As I walked gingerly along the icy way, seeing the frozen moss and cold folded leaves of oxalis, I thought about how plants and growth halt in winter. I thought, All our dreams and creativity wait like seeds within us. Ignoring them or not believing in them is like covering them with snow and ice, freezing those dreams into dormancy. And contemplating them, believing in them, taking action towards realizing them, is like shining sun and showering rain on them. I wondered how many seeds of creativity are waiting, dormant, for me to see them and nurture them into existance.
When I got home, nose and fingertips frozen, I arranged my finds carefully in the beautiful hand-carved harvest bowl I love so much. The fallen bird's nest was a find from a couple weeks ago and it completed the collection of tiny nature treasures for December.
After I took this photo, I placed the little bits and pieces into the nest, and admired the few but beautiful things of December.
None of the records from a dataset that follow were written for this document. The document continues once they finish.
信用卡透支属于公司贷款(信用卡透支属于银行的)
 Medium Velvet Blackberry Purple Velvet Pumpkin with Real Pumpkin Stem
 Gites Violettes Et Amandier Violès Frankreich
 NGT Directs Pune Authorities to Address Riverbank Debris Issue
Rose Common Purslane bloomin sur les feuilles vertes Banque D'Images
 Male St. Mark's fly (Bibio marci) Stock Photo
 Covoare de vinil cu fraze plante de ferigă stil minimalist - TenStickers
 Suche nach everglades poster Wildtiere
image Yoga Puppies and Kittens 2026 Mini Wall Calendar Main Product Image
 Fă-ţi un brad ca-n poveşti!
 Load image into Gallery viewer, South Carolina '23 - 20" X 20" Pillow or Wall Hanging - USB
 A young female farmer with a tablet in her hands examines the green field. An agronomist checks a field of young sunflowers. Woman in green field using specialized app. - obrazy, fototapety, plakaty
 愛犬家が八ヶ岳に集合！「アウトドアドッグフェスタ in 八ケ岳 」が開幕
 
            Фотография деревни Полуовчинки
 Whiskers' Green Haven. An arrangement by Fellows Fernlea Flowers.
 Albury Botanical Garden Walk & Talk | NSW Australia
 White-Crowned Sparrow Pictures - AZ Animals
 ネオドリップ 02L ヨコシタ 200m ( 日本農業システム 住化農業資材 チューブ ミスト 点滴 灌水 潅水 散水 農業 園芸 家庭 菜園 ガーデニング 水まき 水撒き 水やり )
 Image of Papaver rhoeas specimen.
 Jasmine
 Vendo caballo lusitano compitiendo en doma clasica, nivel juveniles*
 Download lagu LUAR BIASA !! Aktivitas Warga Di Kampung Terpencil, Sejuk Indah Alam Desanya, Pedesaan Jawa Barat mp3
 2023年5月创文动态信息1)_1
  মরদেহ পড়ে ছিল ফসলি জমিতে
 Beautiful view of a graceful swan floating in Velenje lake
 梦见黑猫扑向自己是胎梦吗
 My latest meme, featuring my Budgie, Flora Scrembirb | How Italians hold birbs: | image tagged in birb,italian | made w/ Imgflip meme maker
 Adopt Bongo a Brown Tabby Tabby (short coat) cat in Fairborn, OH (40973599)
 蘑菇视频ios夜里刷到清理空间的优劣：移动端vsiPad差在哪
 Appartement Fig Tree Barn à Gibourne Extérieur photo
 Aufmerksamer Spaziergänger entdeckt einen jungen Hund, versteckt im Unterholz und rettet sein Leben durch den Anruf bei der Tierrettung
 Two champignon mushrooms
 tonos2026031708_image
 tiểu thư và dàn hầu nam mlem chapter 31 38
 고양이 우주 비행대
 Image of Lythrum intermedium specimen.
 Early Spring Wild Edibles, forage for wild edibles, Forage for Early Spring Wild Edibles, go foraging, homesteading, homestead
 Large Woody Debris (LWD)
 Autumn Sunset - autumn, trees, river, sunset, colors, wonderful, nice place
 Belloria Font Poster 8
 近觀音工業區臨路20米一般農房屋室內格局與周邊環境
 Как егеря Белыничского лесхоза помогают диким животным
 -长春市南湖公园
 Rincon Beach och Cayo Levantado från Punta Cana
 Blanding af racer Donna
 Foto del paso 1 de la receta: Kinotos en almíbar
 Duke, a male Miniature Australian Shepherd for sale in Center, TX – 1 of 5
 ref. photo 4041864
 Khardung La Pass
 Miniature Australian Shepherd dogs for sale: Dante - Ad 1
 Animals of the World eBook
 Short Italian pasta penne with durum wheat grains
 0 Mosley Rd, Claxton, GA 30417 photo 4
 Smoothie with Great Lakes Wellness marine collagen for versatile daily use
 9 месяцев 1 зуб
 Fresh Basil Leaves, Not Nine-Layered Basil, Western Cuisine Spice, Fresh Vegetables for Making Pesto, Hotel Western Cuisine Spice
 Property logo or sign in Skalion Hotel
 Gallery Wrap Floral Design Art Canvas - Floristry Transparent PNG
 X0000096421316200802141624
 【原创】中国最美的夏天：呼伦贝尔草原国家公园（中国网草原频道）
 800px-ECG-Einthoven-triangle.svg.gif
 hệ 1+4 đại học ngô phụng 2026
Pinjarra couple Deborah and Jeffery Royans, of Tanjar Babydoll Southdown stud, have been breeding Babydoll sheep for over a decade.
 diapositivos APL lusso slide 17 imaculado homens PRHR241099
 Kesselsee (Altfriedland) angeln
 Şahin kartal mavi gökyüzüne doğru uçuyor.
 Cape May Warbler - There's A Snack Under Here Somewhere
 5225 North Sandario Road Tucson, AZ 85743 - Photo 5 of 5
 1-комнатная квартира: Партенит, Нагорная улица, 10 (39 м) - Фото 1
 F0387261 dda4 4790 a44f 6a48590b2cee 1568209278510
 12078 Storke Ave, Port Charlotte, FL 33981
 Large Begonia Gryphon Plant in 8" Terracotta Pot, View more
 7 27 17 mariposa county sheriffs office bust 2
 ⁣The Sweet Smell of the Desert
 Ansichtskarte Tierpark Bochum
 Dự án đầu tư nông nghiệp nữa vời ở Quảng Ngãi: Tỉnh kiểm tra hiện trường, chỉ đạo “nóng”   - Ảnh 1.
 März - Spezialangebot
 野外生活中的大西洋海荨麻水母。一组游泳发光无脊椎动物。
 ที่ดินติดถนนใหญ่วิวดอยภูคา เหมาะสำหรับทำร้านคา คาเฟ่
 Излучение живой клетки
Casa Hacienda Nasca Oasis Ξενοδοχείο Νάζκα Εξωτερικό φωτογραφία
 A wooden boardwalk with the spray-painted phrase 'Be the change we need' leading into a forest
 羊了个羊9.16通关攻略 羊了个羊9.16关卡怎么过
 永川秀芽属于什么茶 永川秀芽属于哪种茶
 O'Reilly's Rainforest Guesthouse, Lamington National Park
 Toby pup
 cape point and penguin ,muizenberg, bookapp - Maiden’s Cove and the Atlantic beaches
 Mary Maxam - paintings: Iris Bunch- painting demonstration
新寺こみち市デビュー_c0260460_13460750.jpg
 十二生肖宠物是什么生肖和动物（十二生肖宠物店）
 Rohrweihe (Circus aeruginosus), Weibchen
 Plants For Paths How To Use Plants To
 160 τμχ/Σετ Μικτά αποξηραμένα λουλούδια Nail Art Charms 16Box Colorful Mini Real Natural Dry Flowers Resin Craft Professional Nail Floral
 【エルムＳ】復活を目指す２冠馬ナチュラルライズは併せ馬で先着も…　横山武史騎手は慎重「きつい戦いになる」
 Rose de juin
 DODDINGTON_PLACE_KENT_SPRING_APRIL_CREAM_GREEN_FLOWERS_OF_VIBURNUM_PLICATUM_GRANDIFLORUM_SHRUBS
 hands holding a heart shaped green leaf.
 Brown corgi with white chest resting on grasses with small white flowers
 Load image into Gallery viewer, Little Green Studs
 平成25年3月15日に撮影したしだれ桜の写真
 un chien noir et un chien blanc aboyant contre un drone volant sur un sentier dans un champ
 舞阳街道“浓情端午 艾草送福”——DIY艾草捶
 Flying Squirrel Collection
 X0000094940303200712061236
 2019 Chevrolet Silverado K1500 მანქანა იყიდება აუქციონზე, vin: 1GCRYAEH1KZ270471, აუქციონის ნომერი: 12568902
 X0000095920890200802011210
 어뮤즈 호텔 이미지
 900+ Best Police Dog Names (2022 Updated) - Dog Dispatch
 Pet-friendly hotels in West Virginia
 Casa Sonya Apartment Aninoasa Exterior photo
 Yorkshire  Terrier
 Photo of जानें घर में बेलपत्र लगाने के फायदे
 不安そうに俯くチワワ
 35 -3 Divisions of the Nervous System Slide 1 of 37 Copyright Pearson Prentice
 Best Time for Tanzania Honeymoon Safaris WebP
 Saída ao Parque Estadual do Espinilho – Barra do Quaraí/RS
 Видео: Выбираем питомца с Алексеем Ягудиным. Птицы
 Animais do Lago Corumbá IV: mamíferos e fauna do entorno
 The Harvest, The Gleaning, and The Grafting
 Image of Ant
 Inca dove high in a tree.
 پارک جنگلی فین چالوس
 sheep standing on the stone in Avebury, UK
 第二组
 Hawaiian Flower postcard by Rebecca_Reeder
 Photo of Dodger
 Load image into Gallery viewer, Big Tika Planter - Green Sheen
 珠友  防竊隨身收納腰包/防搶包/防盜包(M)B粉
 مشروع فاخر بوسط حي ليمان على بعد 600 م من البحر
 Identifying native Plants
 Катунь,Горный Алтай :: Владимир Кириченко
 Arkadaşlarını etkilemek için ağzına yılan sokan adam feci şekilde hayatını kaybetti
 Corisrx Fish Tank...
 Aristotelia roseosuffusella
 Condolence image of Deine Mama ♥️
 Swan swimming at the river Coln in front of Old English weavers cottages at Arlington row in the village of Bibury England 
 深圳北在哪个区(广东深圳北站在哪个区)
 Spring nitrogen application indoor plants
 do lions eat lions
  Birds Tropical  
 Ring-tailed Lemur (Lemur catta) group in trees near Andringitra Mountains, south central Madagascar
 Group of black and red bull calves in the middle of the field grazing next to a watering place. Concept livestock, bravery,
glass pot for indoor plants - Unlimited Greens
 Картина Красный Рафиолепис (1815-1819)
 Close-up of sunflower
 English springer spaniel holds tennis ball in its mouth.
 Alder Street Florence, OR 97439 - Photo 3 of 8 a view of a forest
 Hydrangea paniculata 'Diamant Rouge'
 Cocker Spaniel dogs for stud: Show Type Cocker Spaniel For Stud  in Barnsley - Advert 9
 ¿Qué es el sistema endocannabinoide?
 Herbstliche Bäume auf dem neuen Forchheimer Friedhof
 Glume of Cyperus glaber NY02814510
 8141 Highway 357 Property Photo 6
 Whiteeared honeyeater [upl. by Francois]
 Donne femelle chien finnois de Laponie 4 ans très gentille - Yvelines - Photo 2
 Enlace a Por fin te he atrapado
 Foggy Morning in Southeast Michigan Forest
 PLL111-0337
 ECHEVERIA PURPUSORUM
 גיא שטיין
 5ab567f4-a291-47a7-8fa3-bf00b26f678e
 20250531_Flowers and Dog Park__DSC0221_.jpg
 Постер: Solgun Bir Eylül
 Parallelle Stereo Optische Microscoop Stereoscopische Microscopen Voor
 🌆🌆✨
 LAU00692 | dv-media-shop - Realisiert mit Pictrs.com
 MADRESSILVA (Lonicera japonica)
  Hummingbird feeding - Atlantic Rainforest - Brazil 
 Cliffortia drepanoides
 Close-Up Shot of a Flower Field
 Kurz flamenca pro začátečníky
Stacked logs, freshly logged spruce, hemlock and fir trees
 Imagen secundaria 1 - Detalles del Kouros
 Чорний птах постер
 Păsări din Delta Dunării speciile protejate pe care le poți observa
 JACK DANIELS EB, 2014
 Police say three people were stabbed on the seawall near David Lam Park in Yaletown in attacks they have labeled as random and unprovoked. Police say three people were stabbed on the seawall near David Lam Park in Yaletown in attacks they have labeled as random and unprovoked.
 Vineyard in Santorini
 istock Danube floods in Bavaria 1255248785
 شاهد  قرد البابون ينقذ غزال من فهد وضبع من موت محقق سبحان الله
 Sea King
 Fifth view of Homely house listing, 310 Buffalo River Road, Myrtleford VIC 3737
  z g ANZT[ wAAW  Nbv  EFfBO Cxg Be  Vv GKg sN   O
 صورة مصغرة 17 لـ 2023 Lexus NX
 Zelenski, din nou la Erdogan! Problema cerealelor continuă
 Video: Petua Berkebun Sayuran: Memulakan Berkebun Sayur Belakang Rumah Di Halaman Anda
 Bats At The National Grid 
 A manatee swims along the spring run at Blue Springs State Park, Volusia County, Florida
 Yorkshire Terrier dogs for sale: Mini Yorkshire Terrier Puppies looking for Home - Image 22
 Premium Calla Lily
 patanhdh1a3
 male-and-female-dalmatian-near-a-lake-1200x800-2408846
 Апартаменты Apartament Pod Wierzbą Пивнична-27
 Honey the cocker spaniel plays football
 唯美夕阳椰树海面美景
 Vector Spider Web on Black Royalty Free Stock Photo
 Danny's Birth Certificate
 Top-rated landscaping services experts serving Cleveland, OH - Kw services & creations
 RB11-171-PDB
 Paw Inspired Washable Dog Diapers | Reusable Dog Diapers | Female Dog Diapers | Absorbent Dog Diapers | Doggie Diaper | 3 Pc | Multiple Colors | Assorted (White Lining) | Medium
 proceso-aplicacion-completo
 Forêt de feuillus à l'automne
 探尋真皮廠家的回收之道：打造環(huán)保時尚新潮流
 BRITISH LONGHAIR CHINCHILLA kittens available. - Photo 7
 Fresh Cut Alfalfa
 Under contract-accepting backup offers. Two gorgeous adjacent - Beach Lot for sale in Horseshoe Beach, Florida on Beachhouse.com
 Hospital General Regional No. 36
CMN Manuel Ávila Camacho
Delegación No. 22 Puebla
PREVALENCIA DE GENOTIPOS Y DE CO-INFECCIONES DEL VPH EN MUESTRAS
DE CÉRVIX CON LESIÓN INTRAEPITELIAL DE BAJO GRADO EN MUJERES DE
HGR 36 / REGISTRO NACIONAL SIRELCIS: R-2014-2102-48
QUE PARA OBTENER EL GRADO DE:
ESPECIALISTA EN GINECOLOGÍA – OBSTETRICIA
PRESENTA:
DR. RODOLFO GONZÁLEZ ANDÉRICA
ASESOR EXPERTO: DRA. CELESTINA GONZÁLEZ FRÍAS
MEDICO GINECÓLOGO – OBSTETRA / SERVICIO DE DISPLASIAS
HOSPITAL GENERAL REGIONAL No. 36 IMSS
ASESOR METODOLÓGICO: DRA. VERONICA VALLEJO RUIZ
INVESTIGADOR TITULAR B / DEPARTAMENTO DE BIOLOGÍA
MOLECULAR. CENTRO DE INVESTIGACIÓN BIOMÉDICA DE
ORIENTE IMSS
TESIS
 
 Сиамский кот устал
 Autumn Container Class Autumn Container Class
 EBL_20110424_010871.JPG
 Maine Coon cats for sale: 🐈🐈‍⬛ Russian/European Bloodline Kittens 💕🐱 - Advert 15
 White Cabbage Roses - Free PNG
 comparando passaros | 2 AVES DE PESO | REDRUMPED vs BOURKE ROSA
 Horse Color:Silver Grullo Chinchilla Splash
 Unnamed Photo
They looked like a little rainbow.
Thank you for words which were like warm embraces yesterday. I considered deleting that post numerous times, simply because it is so painful to read and remember. This past weekend, and even today, I have been drawn back into that fog of grieving which dampens all the other sounds and experiences. It lowers my energy, isolates me. I have been living in that fog on and off since losing our baby. Sometimes I realize I am lost for hours in thoughts or wishing or daydreaming, and don't feel completely here. I truly want to become more present, more productive, and live in constant gratitude instead of feeling unfulfilled.
Thank you all so much for always being here, wrapping me in your kindness and love.